In this Research Topic, we invite scholars to contribute original research articles as well as review articles that will stimulate the continuous studies on energy transport at the nanoscale. Potential topics include but are not limited to:
• Experimental and theoretical studies of a grain boundary (within a bulk material, a thin film, or or an atomic-thick material) or general heterojunction for its energy-dependent transmission and reflection of incident phonons that are the dominant heat carriers in nonmetallic materials. Atomistic simulations, particularly those using first-principles interatomic force constants, are encouraged. Experimental studies may also focus on the comparison of interfacial phonon transport for materials synthesized by different techniques (e.g. chemical vapor deposition, hydrothermal coating, hot press) and synthesis conditions (e.g., temperature, ultrahigh pressure, and post-process annealing).
• Experimental and/or theoretical studies of thermal transport across a metal-nonmetal interface, where the dominant heat carriers are changed from electrons in a metal to phonons in a crystal, or non-propagating diffusive modes in polymers or glasses. Studies on detailed electron-phonon interactions near the interface are of particular interests.

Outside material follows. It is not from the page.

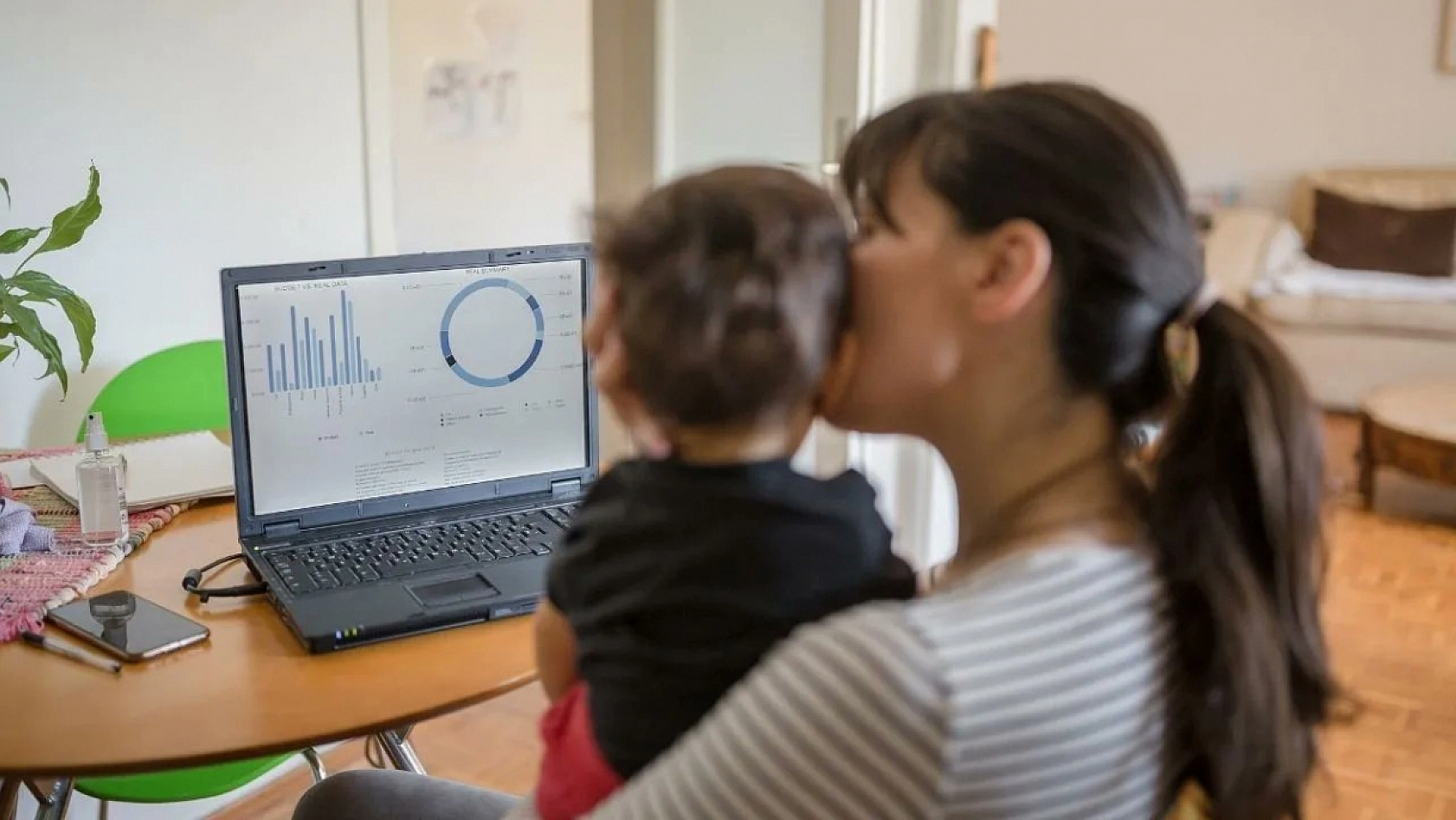 Çalışma Düzeni Değişiyor: Erdoğan'dan Memurlara Yarım Zamanlı Hak...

• Transport properties of various nanostructures (e.g. nanowires, nanoporous films) to reveal how surface scattering may affect electron and phonon transport.
• Fundamental studies to elucidate and further engineer the energy transport processes through the contact between 1) a nanostructure and a surface or metal junction, or 2) nanostructures (e.g., stacked atomic-thick materials, bundled nanowires, welded nanostructures, entangled carbon nanotubes). The latter may also be focused on electron transport. New approaches to improve these contacts are highly encouraged for submission.

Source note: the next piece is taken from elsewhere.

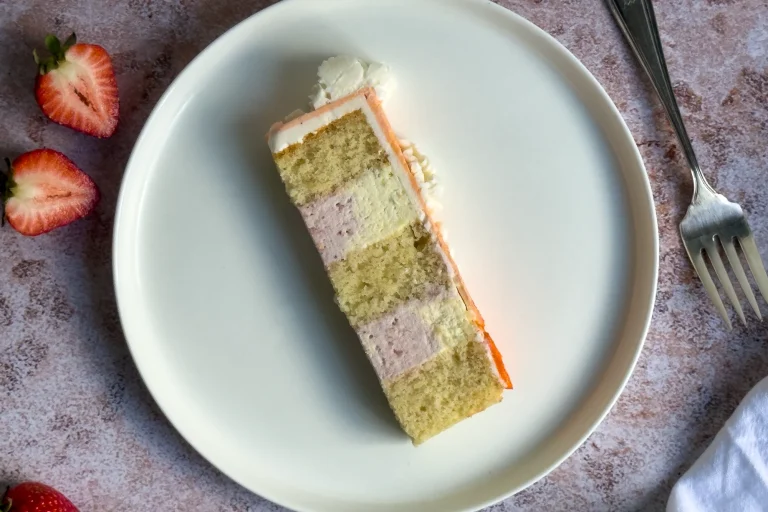 Tort Piña Colada z truskawkami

• Studies on the thermal interface between a thin film and its grown substrate, or the bonding between a thin film and a wafer (e.g., GaN bonded onto a diamond substrate). Studies on “interface engineering” to facilitate the thermal transport across these interfaces is encouraged.
• Charge transport across the interface between an electrode material and the solid/liquid electrolyte within a battery, which also involves heat generation. Attention should also be paid to further engineering such an interface to improve the battery performance.
• Theoretical model studies on the thermal interface conductance, which would be more developed than the widely used acoustic and diffuse mismatch models.
Keywords: Energy Transport, Interface, Surface
Important Note: All contributions to this Research Topic must be within the scope of the section and journal to which they are submitted, as defined in their mission statements. Frontiers reserves the right to guide an out-of-scope manuscript to a more suitable section or journal at any stage of peer review.